Change Technician checklist
-
Check if all items below are complete: - The change plan is technically accurate.
- This Change Issue is linked to the appropriate Issue and/or Epic
- Change has been tested in staging and results are noted in a comment on this issue.
- A dry-run has been conducted and results are noted in a comment on this issue.
- The change execution window respects the Production Change Lock periods.
- For C1 and C2 change issues, the change event is added to the GitLab Production calendar.
- For C1 and C2 change issues, the SRE on-call has been informed before the change is rolled out. (In the #production channel, mention
@sre-oncall
and this issue and await their acknowledgement.) - For C1 and C2 change issues, the SRE on-call provided approval with the eoc_approved label on the issue.
- For C1 and C2 change issues, the Infrastructure Manager provided approval with the manager_approved label on the issue.

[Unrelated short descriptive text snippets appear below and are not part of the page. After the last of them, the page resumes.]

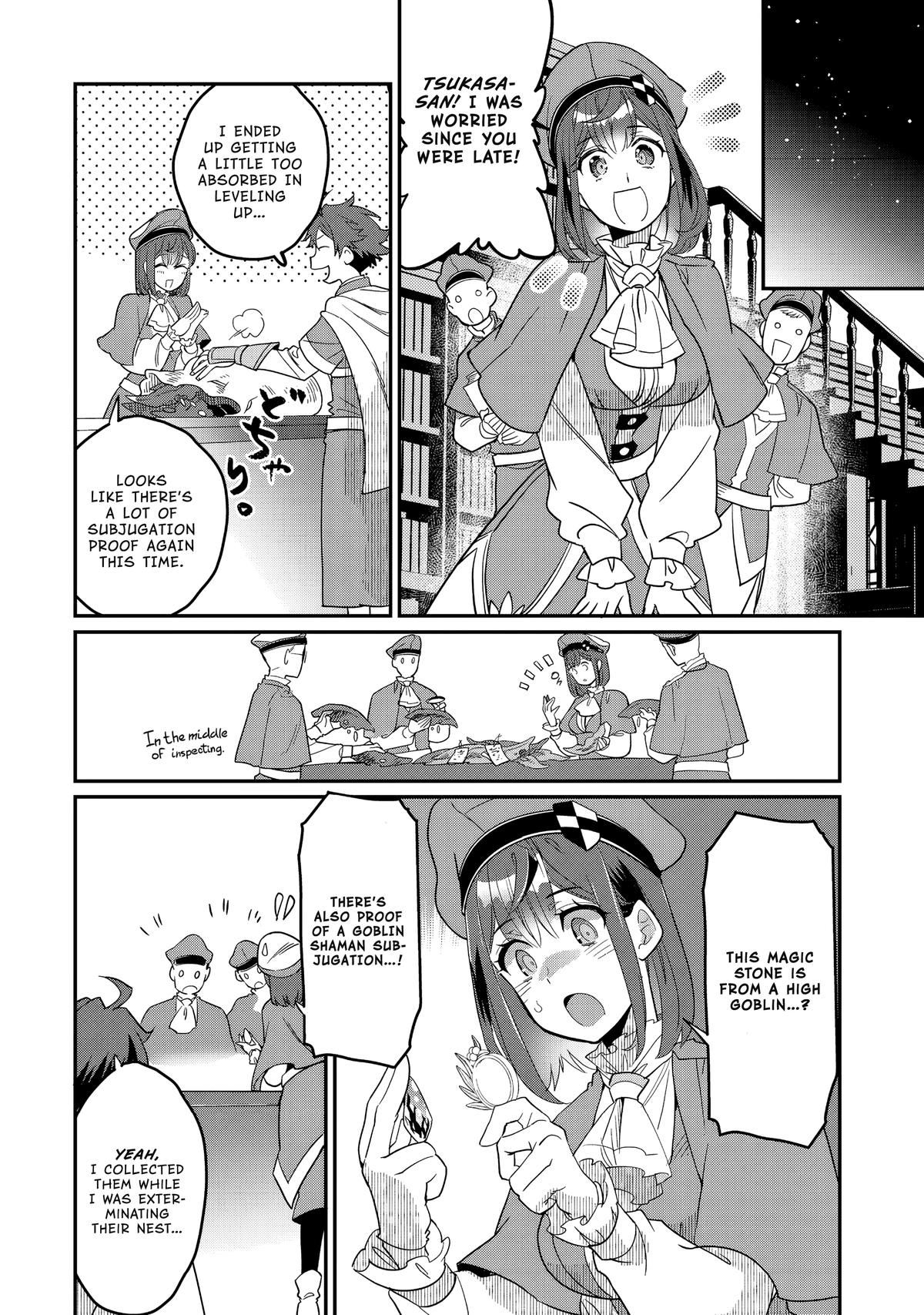 Sekai de Yuuitsu no Tenshokushi - Job Hopper na Ore wa, Isekai de Subete no Job wo Kiwameru Koto ni Shita Chapter 11 - Page 25
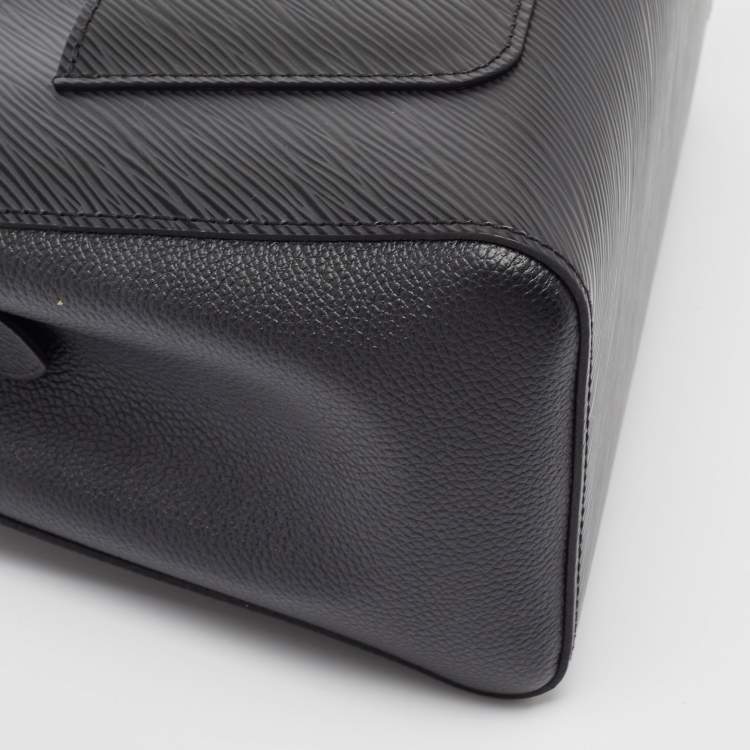 Pre Owned Louis Vuitton Black Epi Leather Marelle BB Bag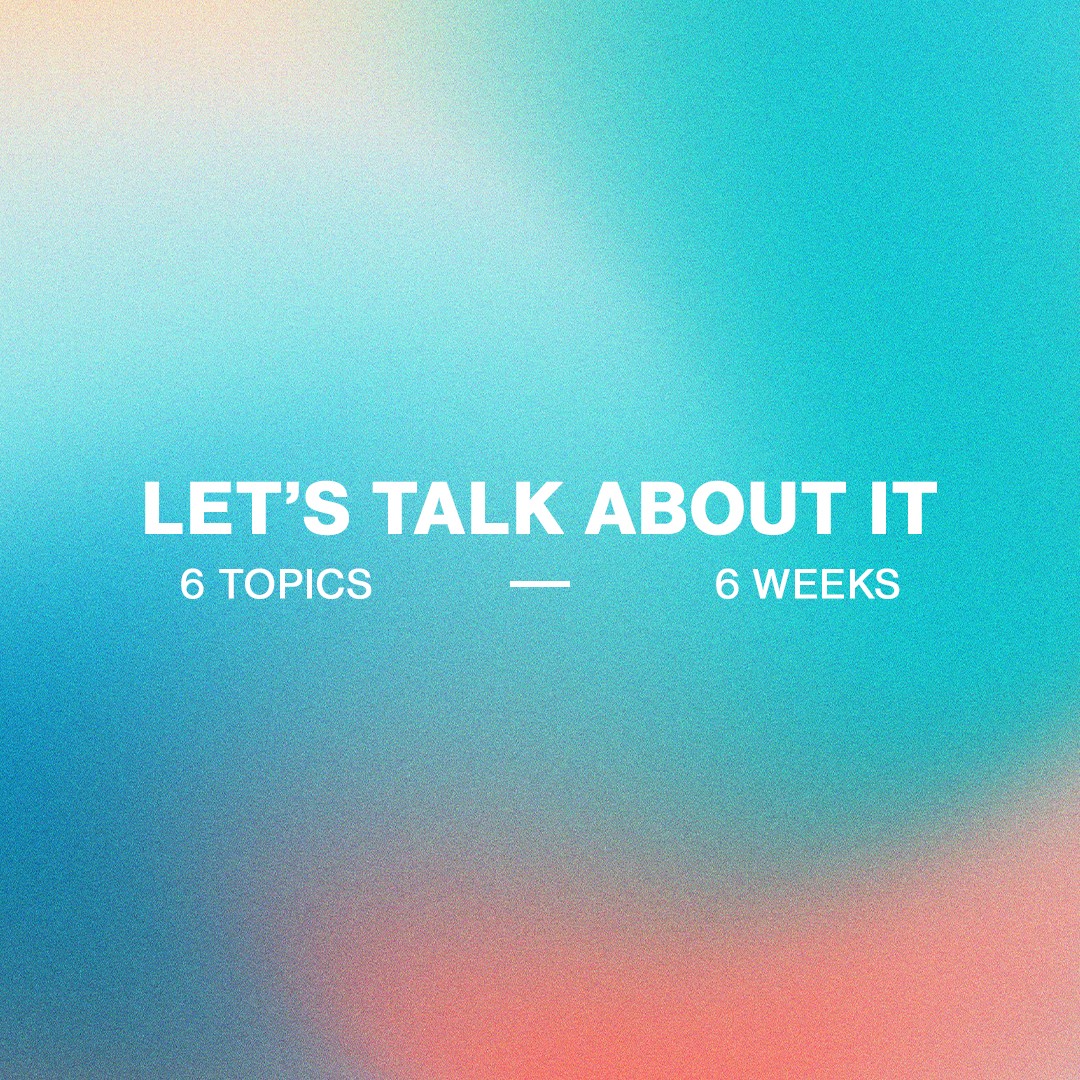Let's Talk About It | Part 6 | The Holy Spirit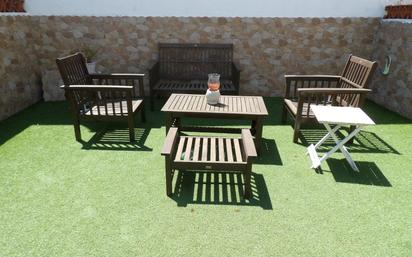Terrace of Single-family semi-detached for sale in Algeciras  with Terrace and Balcony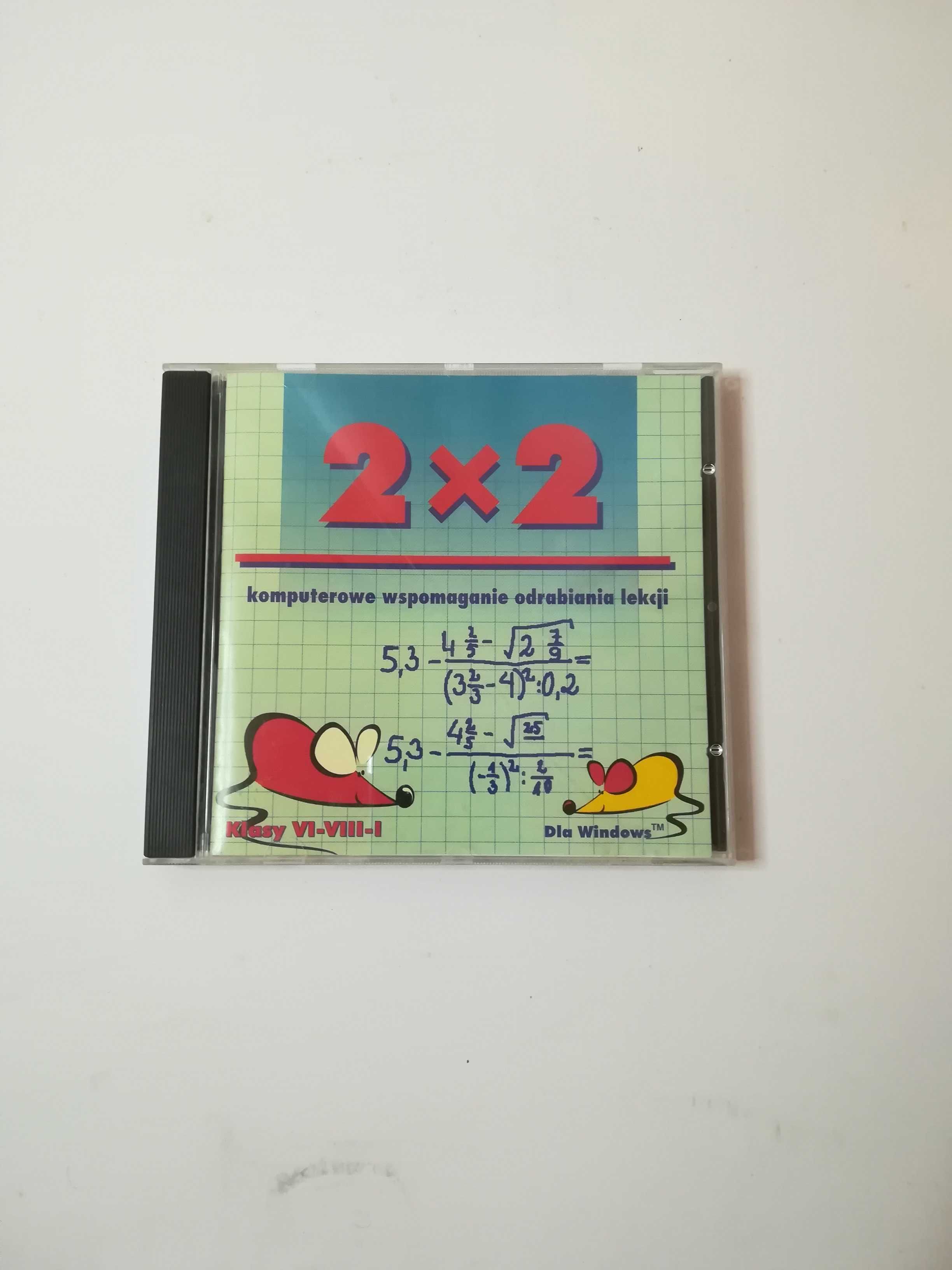 Gra 2x2 Matematyka - Timsoft 1997 - gra komputerowa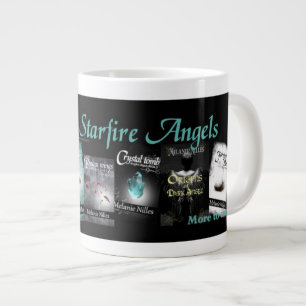 Starfire Engels-Reihen-Tasse Jumbo-Tasse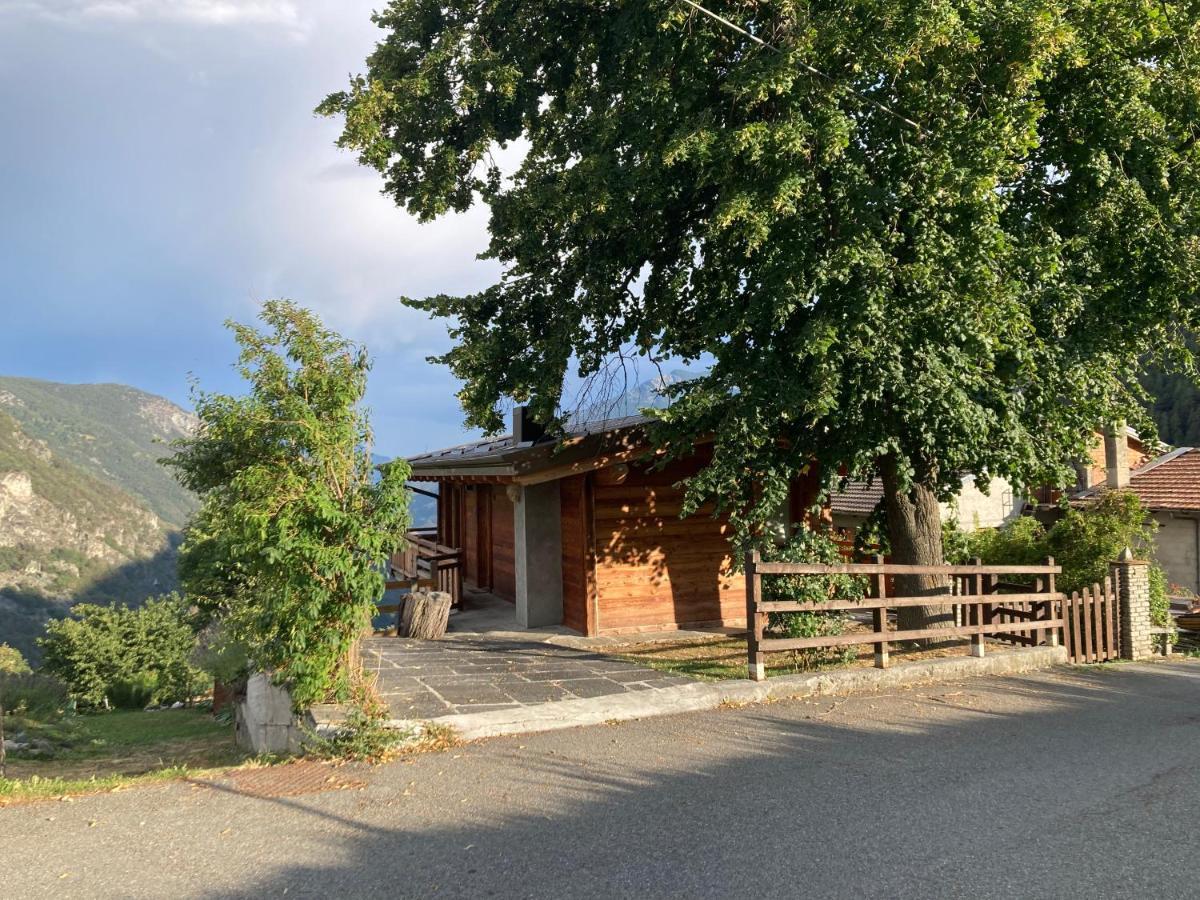 Chalet Gorret Torgnon Exterior foto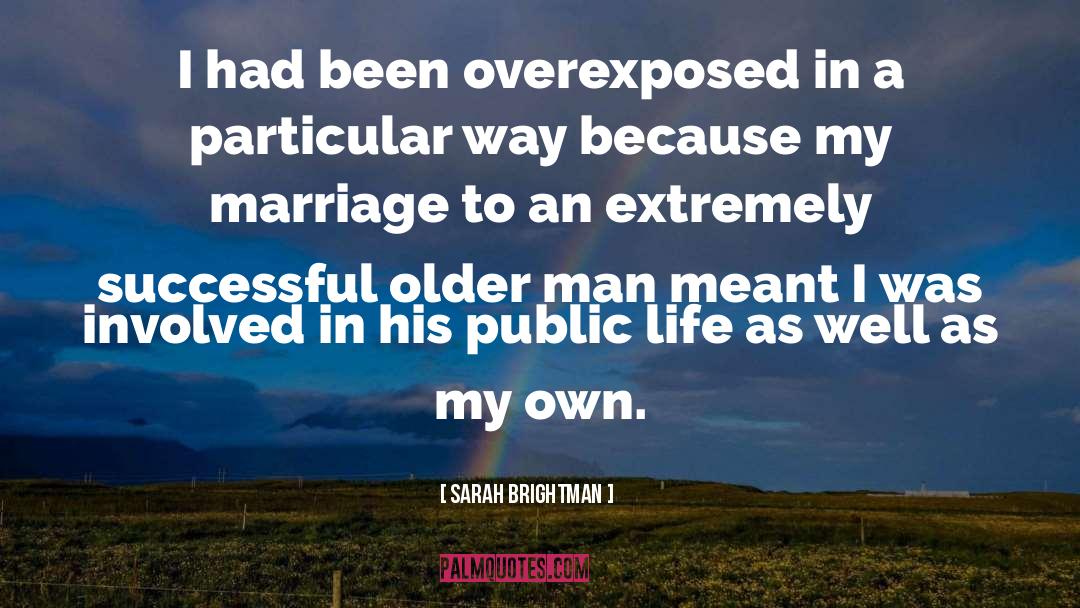 Redefining Marriage quotes by Sarah Brightman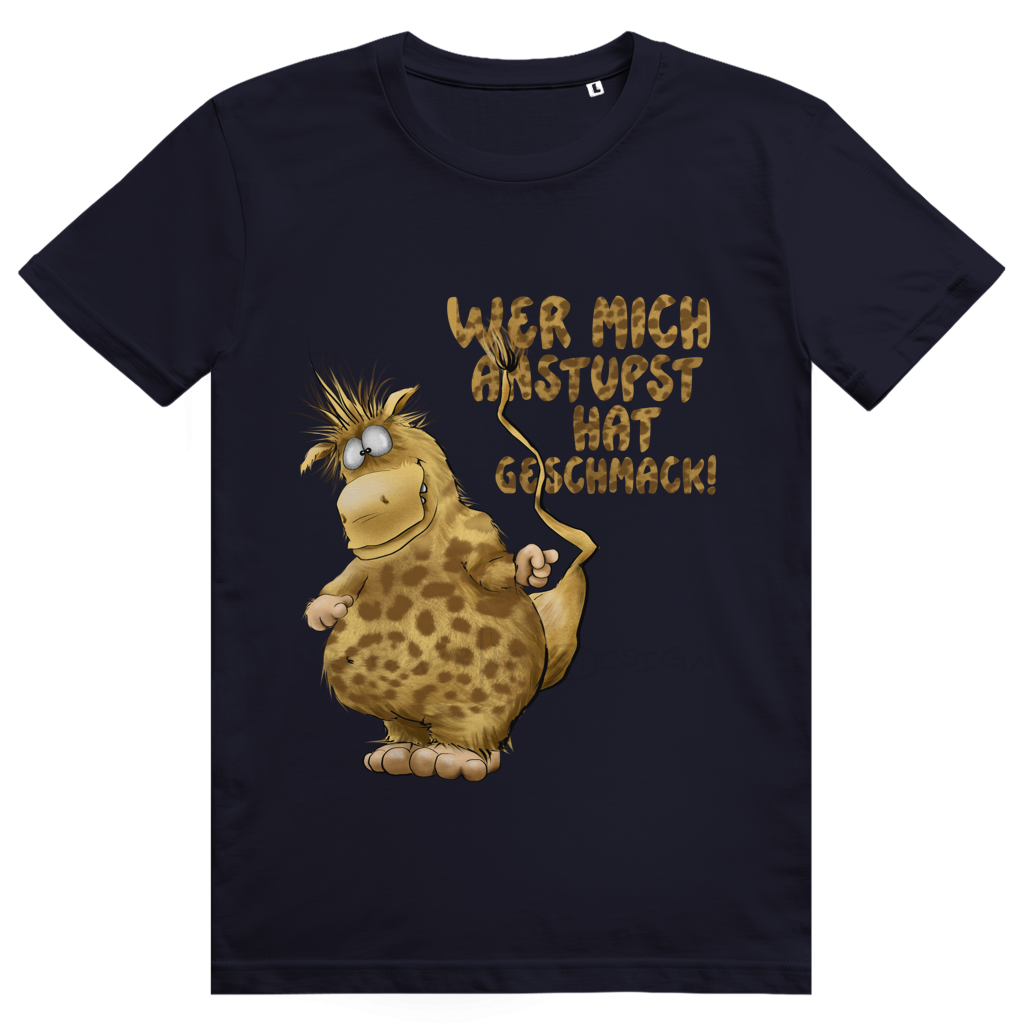 ST/ST Creator 2.0 T-Shirt Wer mich anstupst hat Geschmack!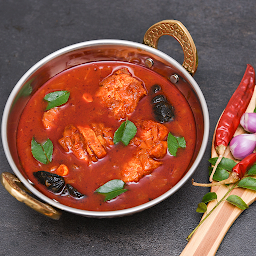 Karaikudi Fish Curry (Salmon)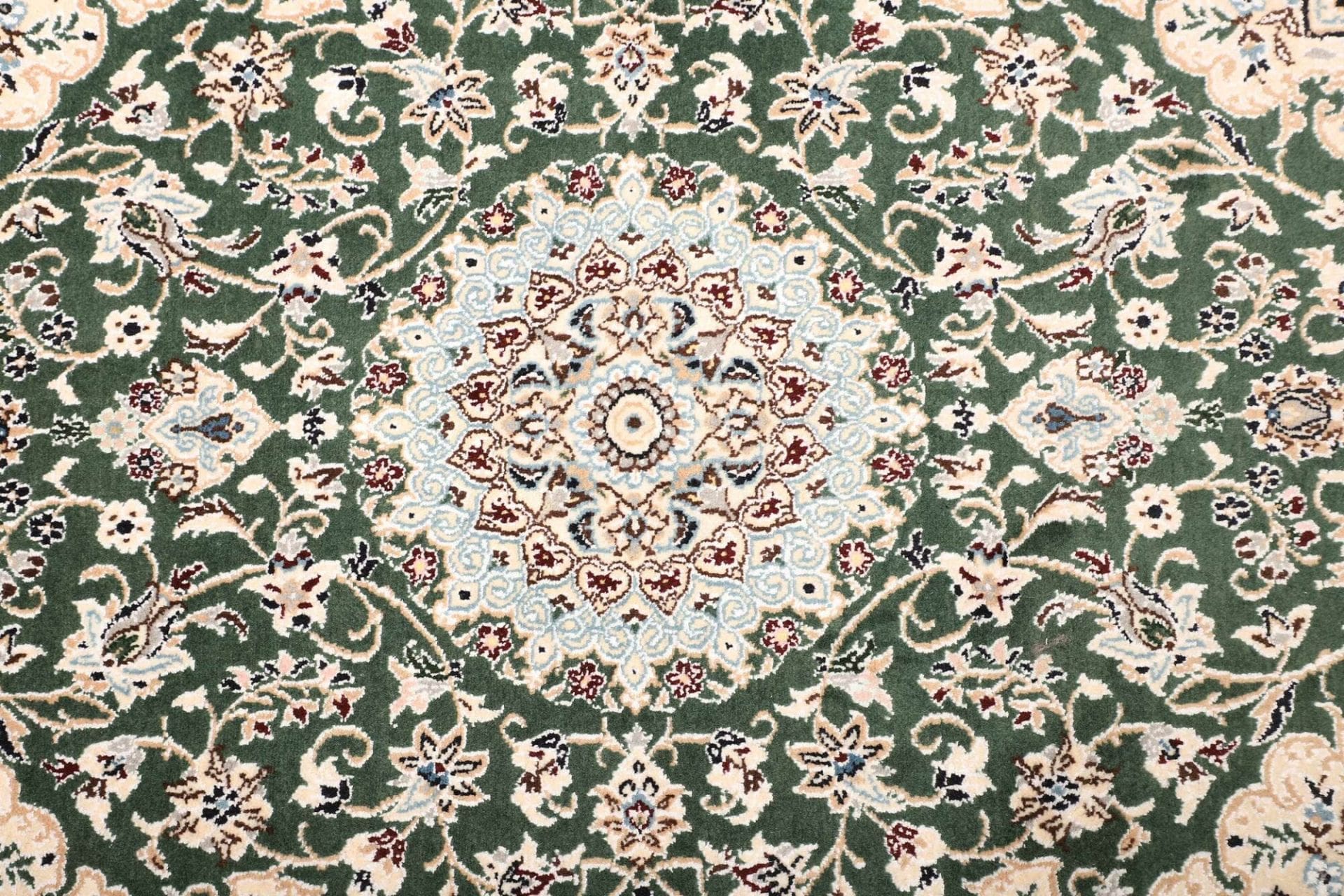 Nain Perserteppich 83 × 303 cm aus Wolle, handgeknüpft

- Release managers have been informed prior to any C1, C2, or blocks deployments change being rolled out. (In the #production channel, mention
@release-managers
and this issue and await their acknowledgement.) - There are currently no active incidents that are severity1 or severity2
- If the change involves doing maintenance on a database host, an appropriate silence targeting the host(s) should be added for the duration of the change.